Anyway, one of the hands folks in bloggerland are talking about today involved a huge 4-way pot, in which I, even with my nut frush, had no business being in. Talk about a momentum killer, I was table chipleader until this:
Obviously, a classic FullTilt setup hand. Seeing the screen cap, I'm not sure where any of us gets away from this (at least other than CEMfredMd, but he's from Dannenman-land, so we know he's 80% to suck out). By 4th street, I'm four to the nut frush, GCox25 has a set, and LJ's got a couple of draws. By 6th street, there's too much in the pot to fold.

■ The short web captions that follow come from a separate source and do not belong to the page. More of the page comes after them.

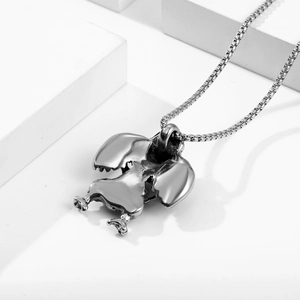 Men's vintage titanium steel eagle pendant necklace with polished silver square box chain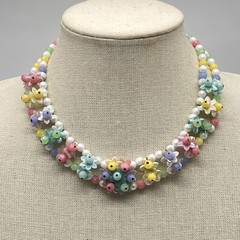 Vintage Pastel Beaded Necklace Layered Plastic Flowers 2 Strand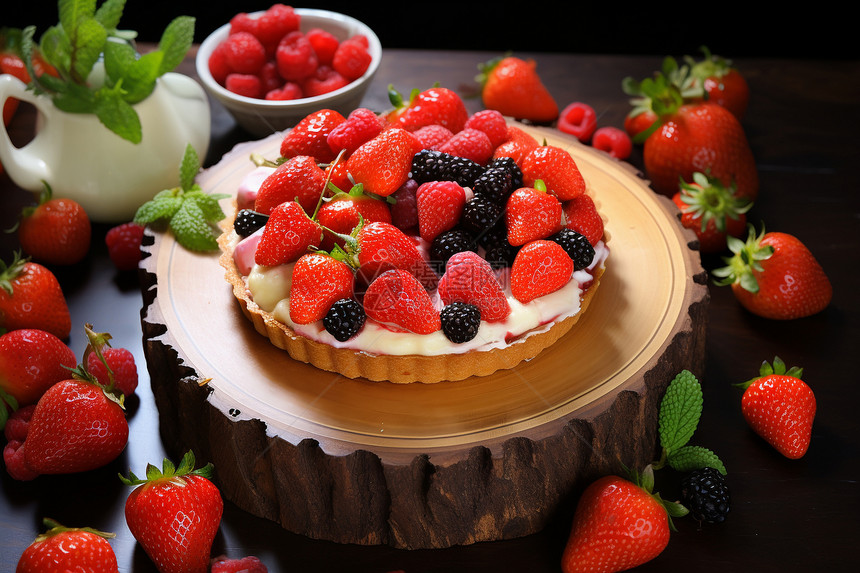 新鲜烘焙的草莓蛋糕图片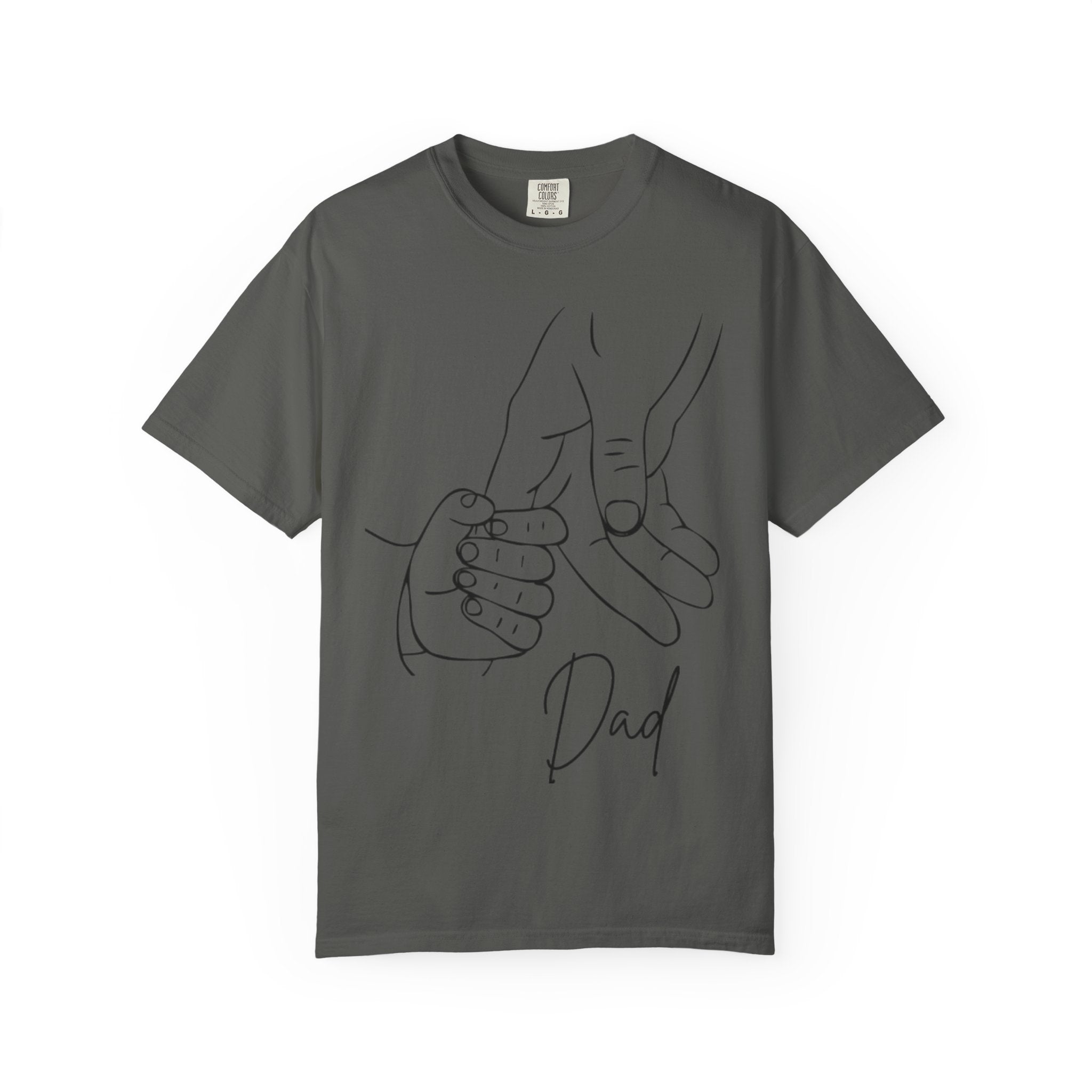 Dad Holding Baby Hand T-Shirt — Minimal Line Art Fatherhood Tee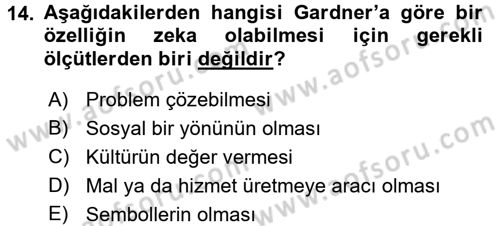 Öğretimde Planlama Ve Değerlendirme Dersi 2016 - 2017 Yılı (Vize) Ara Sınav Soruları 14. Soru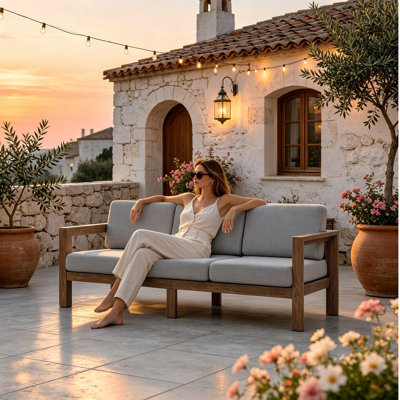 Outdoor Solid Wood Patio Sofa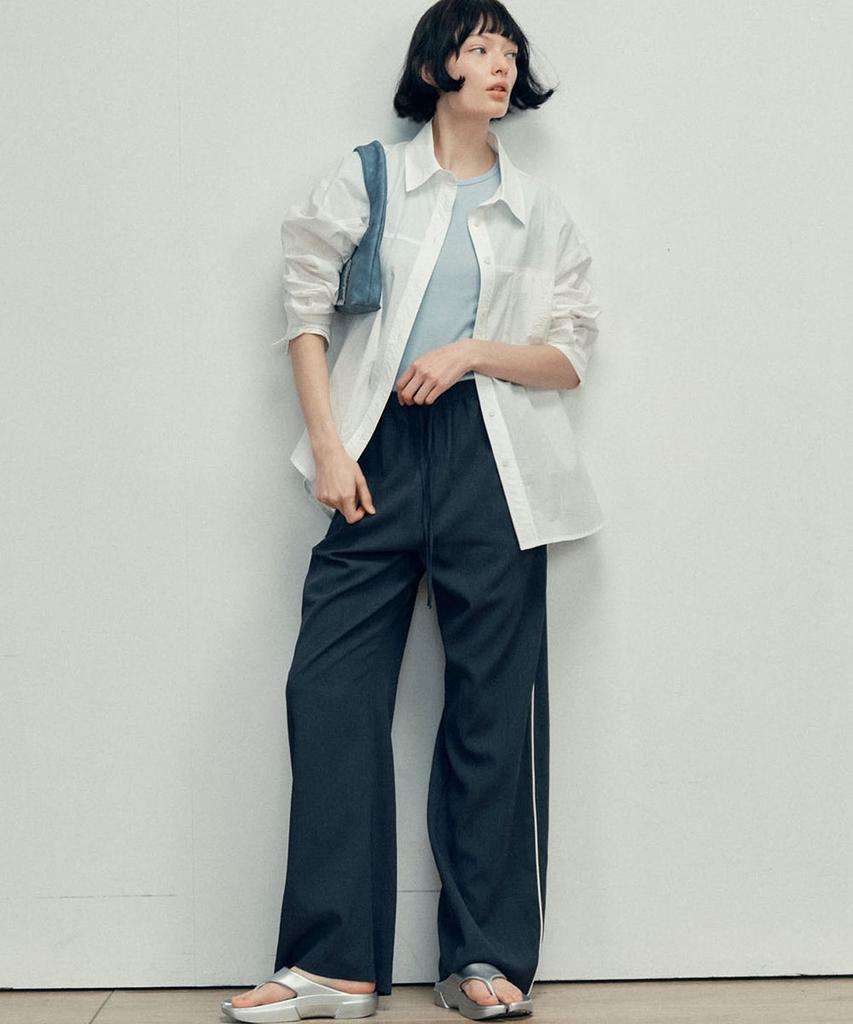 MALOUPE 4121 Summer Nylon Oversized Shirt (White)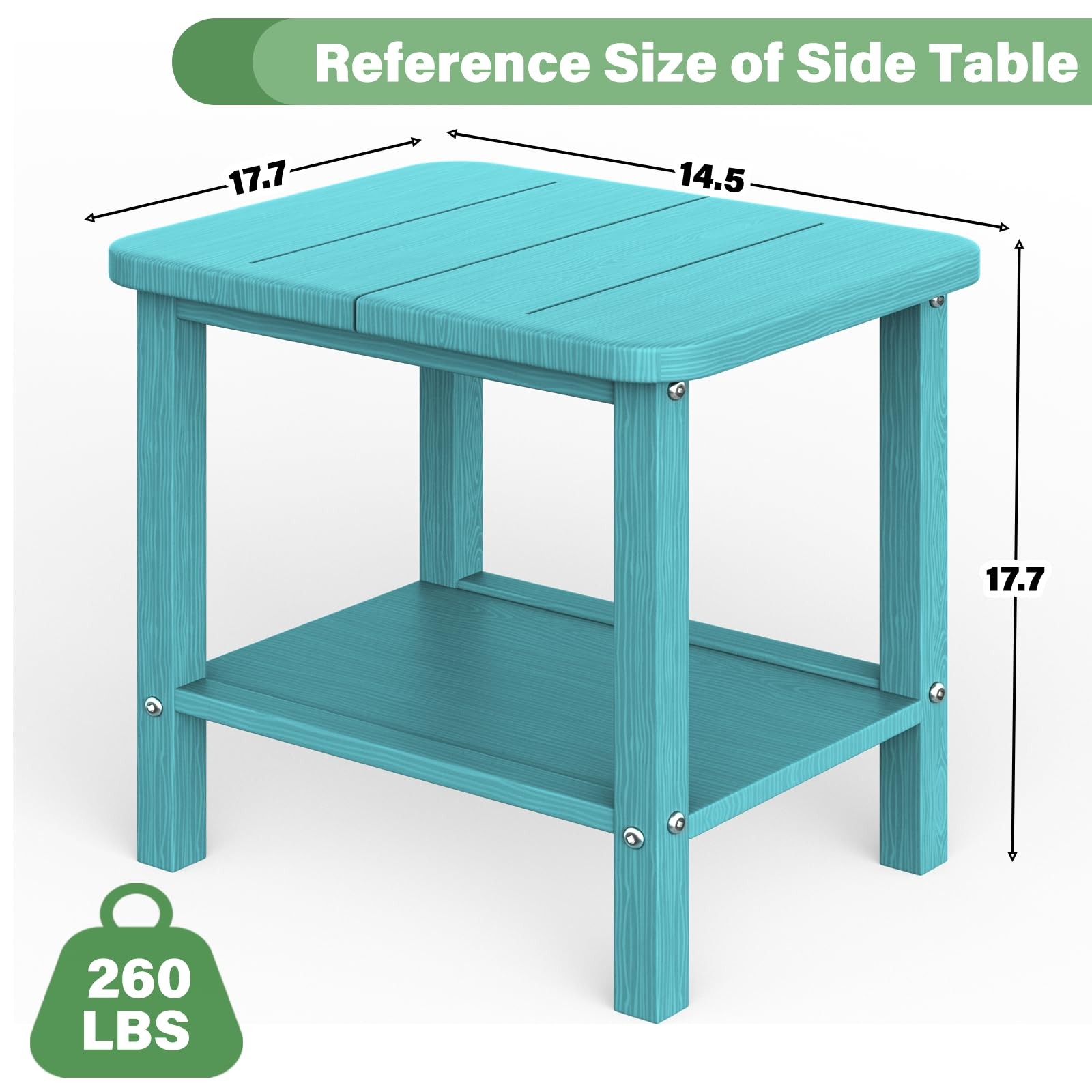 GREFORG Aurba Adirondack Patio Side Table 17.7"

My biggest mistake in the hand was not raising 4th street, but when the worst hand 4-way at showdown is a nut flush, and given the action on 5th and 6th streets , I have to believe nobody was going away that hand, and the best I could have hoped for was to minimize my losses.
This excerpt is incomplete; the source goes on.